At one point it was standard to marry off young girls with older men in Aboriginal Australia. I’m assuming many young girls would object to that these days.
How many wives do the aborigines u know have??
The mutiple wife thing varries a lot depending upon the tribe. It is not really about multiple wifes at the one time (although that certainly does happen). From the little I know from actually being with some of the tribes, the various marriages are about survial. Marriages are made and broken depending upon the needs of the tribe. The first part of marriages is about the education of the HUSBAND. The second is about production of more offspring for the tribe. The third is about the education of the WIFE. You guys should pull your finger out and go and learn something for your self.
Yes the resent deceased Aboriginal leaded had 4 wives. Each had their own houses and the boss visited them in his helicopter, talk about disadvantaged Aborigines !!!!
The most wives I have seen is 8, a top lore man from the Top End. Not unlike the Sultans, several groups on the African continent and the Mormons.
Wangkatja, phonetically genetically Tamil ngatu.
Under ocean common abode. Victims of sea level rise. All the water came from Saturn. Nuclear phyllic substitution, ect.
Cat wolf/sphinx , monocephus. Good go mate!
What does it mean when your comment turns red and disappears on sending. I can only assume censorship.
Well, I don't censor comments. People are allowed to write what they want.
I believe it was probably TH-cam. I was just saying that the Pygmy Aborigines existed, because I met them 40 yrs ago, they had become restricted in their range and they were small in number @@jackarootoro
The Indian Migrants that they call Australian Indigenous had more than 264 languages, but not 1 common Language. And they have only been here between 1 and 2 Thousand years.
That really doesnot make any scence.
@@markthomas8766 Lol really, what part ?
I believe that there is an Indian connection because of linguistic , mythological and physical similaritys to the southern Indian Dravidians .
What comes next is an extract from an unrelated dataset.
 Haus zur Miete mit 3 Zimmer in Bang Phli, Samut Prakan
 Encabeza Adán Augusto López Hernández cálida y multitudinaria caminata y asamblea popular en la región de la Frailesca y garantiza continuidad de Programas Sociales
@@donaldmac1250 Well if that means that there Ancestory is Indian and Not Australian then yes.
@@fredfred6522 well I'd suggest that anyone that's been here that long could consider themselves to be Australian and not indian...my family has only been here for a couple of hundred years and despite my European ancestry I know that I am Australian...which is a state of mind generated by the land itself....any group that's been here for thousands of years would be inately aware of the connection to this land and be physically adapted to it.
Is there a correlation between Tasmanian languages and the absence of dingos in Tasmania?
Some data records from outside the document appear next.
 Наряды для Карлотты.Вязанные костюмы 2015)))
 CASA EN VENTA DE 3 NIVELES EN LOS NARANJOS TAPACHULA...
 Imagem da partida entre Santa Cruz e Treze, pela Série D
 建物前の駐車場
There probably is. But sadly we know very little of the original languages of Tasmania.
@@jackarootoro You have a very low tech approach to video making, but the content seems of high order. Have you yet done something on the possible influx of genes from India about 4,000 years ago?
@@markaxworthy2508 So far, no I haven't.
@@jackarootoro A pleasure yet to come, then!
Before the British were Holland, people, so you talking about between this period ?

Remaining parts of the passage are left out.